Parlamentares favoráveis às medidas defenderam o projeto. “A lei que pune o abuso de autoridade coíbe
ação de agentes públicos que usam o cargo de acordo com suas posições pessoais,
políticas ou partidárias”, disse a presidente do PT, Gleisi Hoffmann. Para o presidente da Câmara, o objetivo é evitar que agentes
públicos “passem de suas responsabilidades”. Segundo o ministro Gilmar Mendes, encarnação do deus-sol
neste vale de lágrimas, a lei de abuso representa um “remédio”: “Quem exerce o poder tende a dele abusar e é
por isso que precisa ter remédio desse tipo”. Vale lembrar que tanto Gleisi
quanto Maia estão enrolados na Lava-Jato, e que Gilmar Mendes... Bem, Gilmar Mendes é Gilmar Mendes.
Mudando de um ponto a outro, a crise provocada pela
intervenção de Bolsonaro na PF devolveu a Moro parte do protagonismo perdido com o vazamento de conversas
hackeadas e pelo “quem manda sou eu”
do presidente (detalhes no post anterior).

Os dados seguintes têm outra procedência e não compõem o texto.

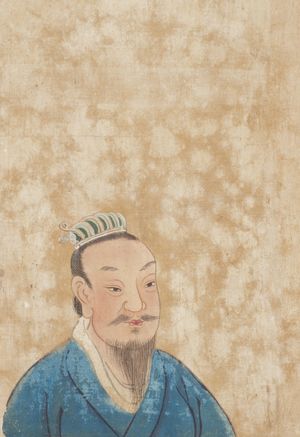 필라델피아 미술관에 소장된 1900년경 앨범 명사 초상화에 묘사된 모습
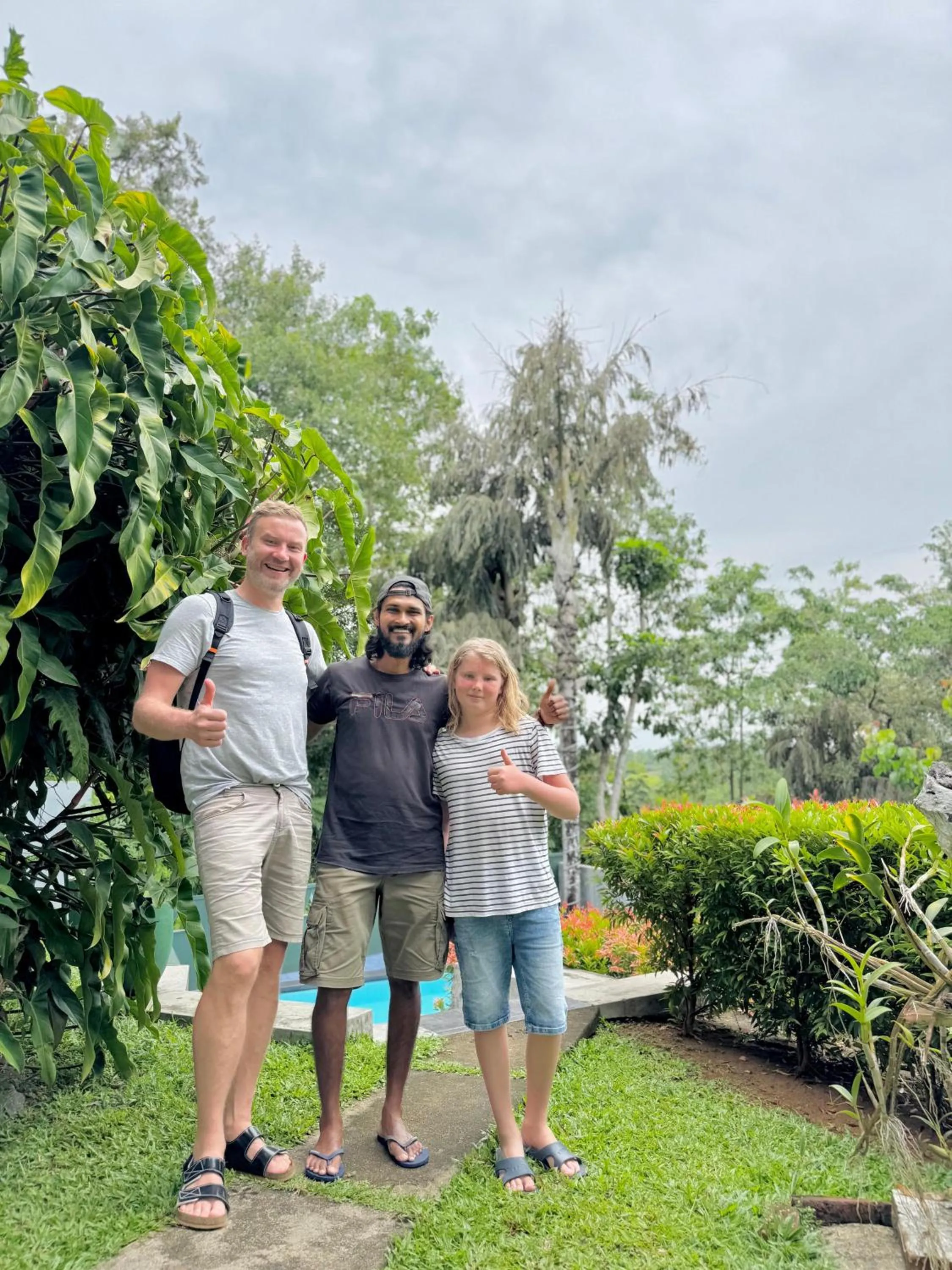 Guests in Green Hill Paradise Villa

O ministro e o diretor-geral da PF, Mauricio Valeixo, mostraram ao capitão que a atitude provocou uma
verdadeira comoção na instituição, com risco de pedido coletivo de demissão dos
chefes operacionais. Bolsonaro
recuou e Moro se capitalizou junto
à PF.
A questão é que o que o presidente menos quer a esta altura é desagradar o Congresso, pois cabe aos senadores chancelarem a indicação de Zero Três para a embaixada do Brasil nos EUA. Como boa parte dos parlamentares tem contas a acertar com a Justiça, vetar a Lei de Abuso de Autoridade se tornou um dilema para o capitão: se apoiar o ministro da Justiça, ele se indispõe com os congressistas, e vice-versa. Não há como agradar a todos ao mesmo tempo. Um grupo de 20 políticos de ao menos quatro partidos têm encontro marcado com o presidente nesta terça para tratar do assunto. O prazo para sanção do projeto é de 15 dias.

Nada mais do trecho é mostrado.